本件上告の趣旨は末尾添附の被告人辯護人市毛哲夫同海野普吉名義の上告趣意書と題する書面に記載せる通りである。之に對して當裁判所は次の様に判斷する。

銃砲等所持禁止令施行規則第六條が銃砲等を發見又は拾得した者は速かに最寄警察官署に届出でなければならないと規定し其の届出期間に付き何日と確定期限を附せなかつた所以は發見又は拾得の場所と最寄警察官署との距離、發見拾得の時刻、其他發見拾得者の當時に於ける特殊事情等に因り即時届出を爲させることが無理と認めらるる場合のあることを考慮し一律に期間を限定せず具體的場合に於ける特殊事情をも參酌して社會通念上「遲滯なし」と認められる期間内に届出を爲さしむることとしたものであると解釋すべきである。

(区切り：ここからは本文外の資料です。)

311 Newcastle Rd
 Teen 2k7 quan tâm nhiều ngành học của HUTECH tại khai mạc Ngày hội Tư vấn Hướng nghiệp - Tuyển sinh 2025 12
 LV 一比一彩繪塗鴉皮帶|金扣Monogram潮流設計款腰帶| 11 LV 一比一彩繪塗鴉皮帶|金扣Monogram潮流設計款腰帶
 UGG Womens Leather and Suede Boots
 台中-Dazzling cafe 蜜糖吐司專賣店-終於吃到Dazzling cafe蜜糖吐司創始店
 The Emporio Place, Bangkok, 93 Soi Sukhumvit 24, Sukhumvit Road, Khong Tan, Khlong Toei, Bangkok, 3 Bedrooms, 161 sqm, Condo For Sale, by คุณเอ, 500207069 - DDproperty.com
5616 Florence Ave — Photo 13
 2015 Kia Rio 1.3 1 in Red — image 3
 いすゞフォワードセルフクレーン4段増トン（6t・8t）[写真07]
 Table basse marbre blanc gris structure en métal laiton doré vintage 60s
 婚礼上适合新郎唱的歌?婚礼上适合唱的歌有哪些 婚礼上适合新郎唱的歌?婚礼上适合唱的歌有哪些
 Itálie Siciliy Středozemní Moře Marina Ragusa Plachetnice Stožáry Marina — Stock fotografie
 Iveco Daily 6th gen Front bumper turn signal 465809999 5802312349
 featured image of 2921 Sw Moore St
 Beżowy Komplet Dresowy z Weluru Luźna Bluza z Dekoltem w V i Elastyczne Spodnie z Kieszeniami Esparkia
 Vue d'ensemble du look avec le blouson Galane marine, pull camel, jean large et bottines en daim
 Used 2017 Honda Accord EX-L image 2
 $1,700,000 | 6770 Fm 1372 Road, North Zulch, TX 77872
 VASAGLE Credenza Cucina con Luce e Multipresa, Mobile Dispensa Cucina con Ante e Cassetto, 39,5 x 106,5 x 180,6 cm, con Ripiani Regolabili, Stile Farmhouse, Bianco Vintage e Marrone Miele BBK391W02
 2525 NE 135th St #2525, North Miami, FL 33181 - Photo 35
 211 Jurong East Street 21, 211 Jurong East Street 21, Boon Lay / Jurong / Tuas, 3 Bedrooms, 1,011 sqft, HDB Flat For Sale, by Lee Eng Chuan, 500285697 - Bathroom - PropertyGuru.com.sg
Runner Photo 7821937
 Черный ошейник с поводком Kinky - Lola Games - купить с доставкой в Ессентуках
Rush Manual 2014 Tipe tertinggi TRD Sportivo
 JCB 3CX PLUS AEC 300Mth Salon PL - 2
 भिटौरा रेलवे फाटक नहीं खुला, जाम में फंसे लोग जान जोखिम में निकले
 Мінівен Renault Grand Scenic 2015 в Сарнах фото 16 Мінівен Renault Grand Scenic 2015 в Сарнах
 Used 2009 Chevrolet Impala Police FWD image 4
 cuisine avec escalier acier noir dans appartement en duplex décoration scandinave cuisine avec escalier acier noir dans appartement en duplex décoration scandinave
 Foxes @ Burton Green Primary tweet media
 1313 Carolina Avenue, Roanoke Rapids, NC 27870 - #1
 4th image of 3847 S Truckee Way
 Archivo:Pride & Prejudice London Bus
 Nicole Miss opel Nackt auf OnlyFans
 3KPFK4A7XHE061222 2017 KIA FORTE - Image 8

從つて社會通念上遲滯なしと認めらるる期間内に於ける發見拾得者の所持は銃砲等所持禁止令第一條前段第二條に觸るるものではない。然しながら右期間中の所持が違法とならないのは届出を爲す爲にする保管、所持の範圍に限定せらるるのであつて此の限度を越えて他の不法目的に之を使用すること迄も認容するの法意ではない。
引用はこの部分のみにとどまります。